À dire vrai, je ne me suis jamais aventuré dans l’écoute de l’ensemble de ces disques, d’autant plus qu’il m’arrive d’en trouver un certain nombre d’un intérêt moindre. Par contre, certains du lot ne me laissent vraiment pas indifférent, comme celui nommé Walk, Don't Run Vol. 2. Ce microsillon, le dernier de trois que le groupe commercialisa en 1964, était leur seizième en carrière et la suite de leur premier album réalisé en 1960. Ce puissant disque s’amorce sur une reprise époustouflante de The House of the Rising Sun qui aurait pu faire rougir de jalousie le groupe The Animals ; il venait d’ailleurs, quelques mois à peine auparavant, de placer en première place des palmarès de l’Amérique du Nord et de l’Angleterre, leur propre version de cette chanson folklorique.

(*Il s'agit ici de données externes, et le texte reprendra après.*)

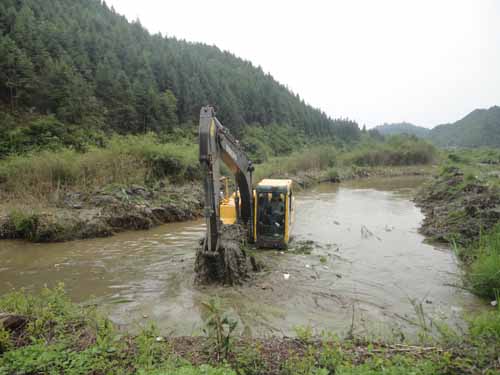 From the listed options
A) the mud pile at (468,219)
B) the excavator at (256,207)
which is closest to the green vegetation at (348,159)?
the mud pile at (468,219)

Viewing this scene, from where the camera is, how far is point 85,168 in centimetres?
1403

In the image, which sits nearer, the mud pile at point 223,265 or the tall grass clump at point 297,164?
the mud pile at point 223,265

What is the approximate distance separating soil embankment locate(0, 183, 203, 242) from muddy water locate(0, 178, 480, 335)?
0.48 metres

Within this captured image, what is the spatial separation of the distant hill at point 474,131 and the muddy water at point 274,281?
101 meters

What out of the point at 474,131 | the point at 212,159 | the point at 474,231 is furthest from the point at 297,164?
the point at 474,131

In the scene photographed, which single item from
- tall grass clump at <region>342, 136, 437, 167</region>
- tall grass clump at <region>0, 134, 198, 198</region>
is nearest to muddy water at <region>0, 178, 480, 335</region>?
tall grass clump at <region>0, 134, 198, 198</region>

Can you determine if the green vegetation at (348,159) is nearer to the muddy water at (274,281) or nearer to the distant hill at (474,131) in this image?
the muddy water at (274,281)

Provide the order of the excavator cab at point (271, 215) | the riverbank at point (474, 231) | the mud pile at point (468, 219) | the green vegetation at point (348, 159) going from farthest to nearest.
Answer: the green vegetation at point (348, 159), the mud pile at point (468, 219), the excavator cab at point (271, 215), the riverbank at point (474, 231)

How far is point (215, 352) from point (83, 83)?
3457cm

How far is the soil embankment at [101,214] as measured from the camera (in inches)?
399

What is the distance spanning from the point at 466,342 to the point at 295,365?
209cm

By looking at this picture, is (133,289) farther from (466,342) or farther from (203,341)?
(466,342)

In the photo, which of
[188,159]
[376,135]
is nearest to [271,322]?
[188,159]

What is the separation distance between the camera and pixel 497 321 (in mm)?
3980
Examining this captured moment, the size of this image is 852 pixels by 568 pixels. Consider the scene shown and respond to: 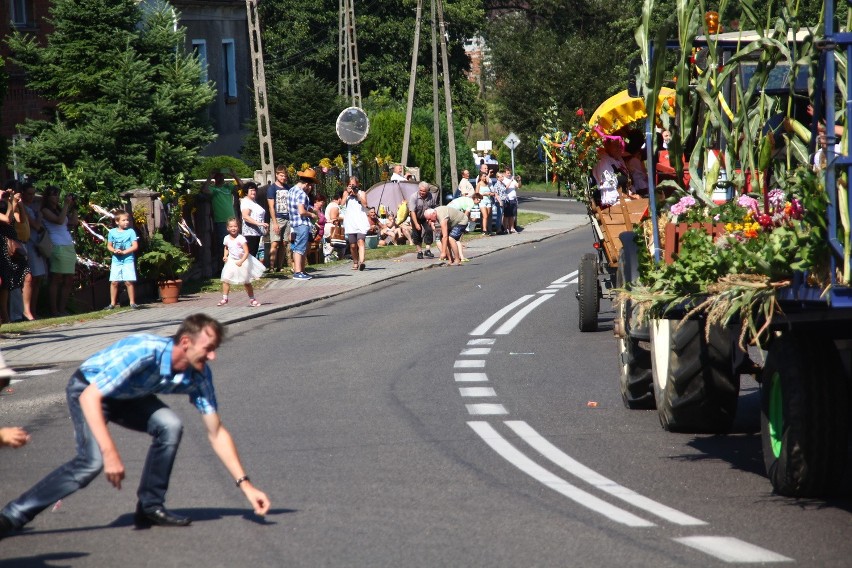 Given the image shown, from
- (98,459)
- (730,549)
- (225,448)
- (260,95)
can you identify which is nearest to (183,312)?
(260,95)

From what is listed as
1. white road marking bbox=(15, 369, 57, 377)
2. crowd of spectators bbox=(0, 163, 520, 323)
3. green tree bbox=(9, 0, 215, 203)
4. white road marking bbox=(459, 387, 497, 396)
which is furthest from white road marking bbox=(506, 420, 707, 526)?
green tree bbox=(9, 0, 215, 203)

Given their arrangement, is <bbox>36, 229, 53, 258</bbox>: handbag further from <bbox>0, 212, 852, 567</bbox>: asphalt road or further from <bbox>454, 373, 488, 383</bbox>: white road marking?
<bbox>454, 373, 488, 383</bbox>: white road marking

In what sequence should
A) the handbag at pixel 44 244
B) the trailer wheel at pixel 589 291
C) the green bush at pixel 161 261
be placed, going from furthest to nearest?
the green bush at pixel 161 261 < the handbag at pixel 44 244 < the trailer wheel at pixel 589 291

Les 12 pièces gravées sur cet album sont, pour la moitié, présentées comme des compositions du groupe, et ce, même si à l’occasion on reconnait des riffs très empruntés : Night Train est pratiquement un copié/collé de celui de Lucille de Little Richard. Ces compositions, qui ne reflètent pas toujours une originalité exemplaire, eurent néanmoins le mérite d’avoir été baptisées par des noms passablement désopilants, tel que : Peach Fuzz, Pedal Pusher et The Creeper.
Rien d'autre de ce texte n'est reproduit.